I think that many recognize that the celibacy RULE (not necessarily a voluntary choice) is an outmoded relic of medeival times which remains because of adherence to tradition rather than anything taught by Jesus Christ.
Celibacy was started as a requirement for priests to prevent church property from being inherited by the firstborn son of a family.
Its not as if there werent PLENTY of cases of those not being celubate fathering children. But, since the offspring were “illegitimate” they cpuld not inherit
That was the prevailing custom in those times but is no longer a factor in modern times.
There really is no good reason, spiritual or otherwise for continuing the celibacy rule and most thinking Catholics (as well as the rest of the world) recognize this.
Priests in the Orthodox Chirch (The closest parallel to the RC church) marry and it’s obvious their ministry does not suffer.

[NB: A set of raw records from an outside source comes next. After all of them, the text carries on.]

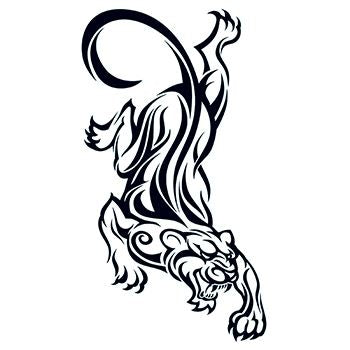 Collection of Large Tribal Panther Temporary Tattoo in a gallery layout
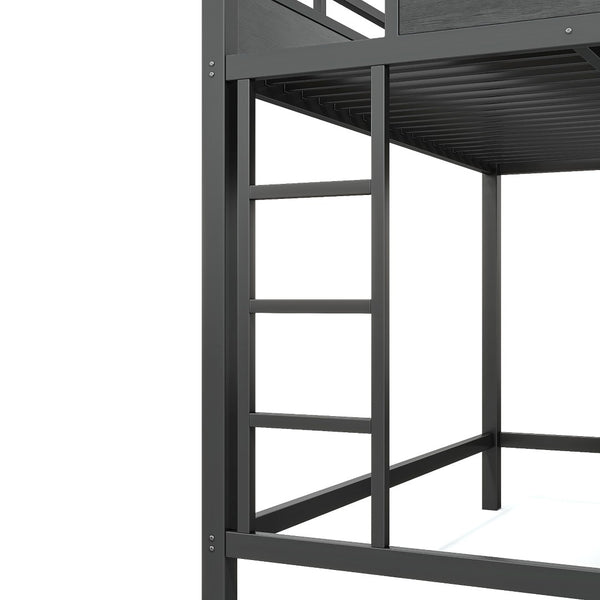 English Elm Queen Metal Loft Bed with Pegboard Storage Shelves USB Charging and LED Lighting Black W5316S00043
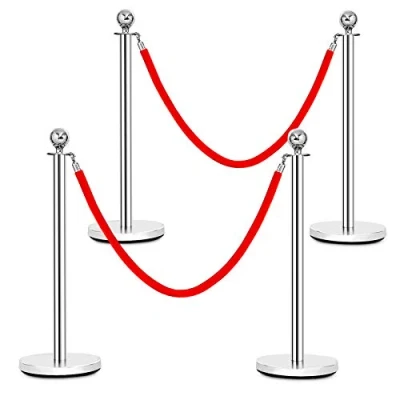 Afbeelding van COSTWAY 4 Stuks afzetpaal set, personengeleidingssysteem, ronde top gepolijst roestvrij wachtrij paal met 150cm rood fluwelen touw, menigte controle barrière, afbakenstandaard, afzetpalenset parkeerpaal publiekscontrole luchthavenbarrière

Likewise, if a married Episcopal Priest converts to RC, he is not required to forsake his wife and family and functions just fine in the priesthood, even tho married.
As a matter of fact, in those instances, who do you think married couples overwhelmingly choose to go to for confession or counseling? The married, priest obviously.
Celibacy is an outmoded relic with no real compelling reason either spiritual or financial for it’s ongoing requirement for a priest.
If someone chooses this freely because they feel it is their spiritual calling, that’s different and does have a spiritual basis recognized in the scriptures. But even the Apostle Paul and the early church leaders did not require it.
Voluntary and required are totally different and the RC church is losing many excellent potential priests because of requiring it. Why not simply encourage it (as many of the Apostles did) and let each decide for himself.
It’s a medieval relic long past it’s usefulness with no Biblical backing and most people recognize it.
Personally, it doesn’t affect me one way or another, but you asked a Q and I’m just giving you the reasoning that many of my RC friends have expressed.
I think the media should stay out of it. It’s a church decision.
But it does have ramifications in the real world as well and most of those are negative.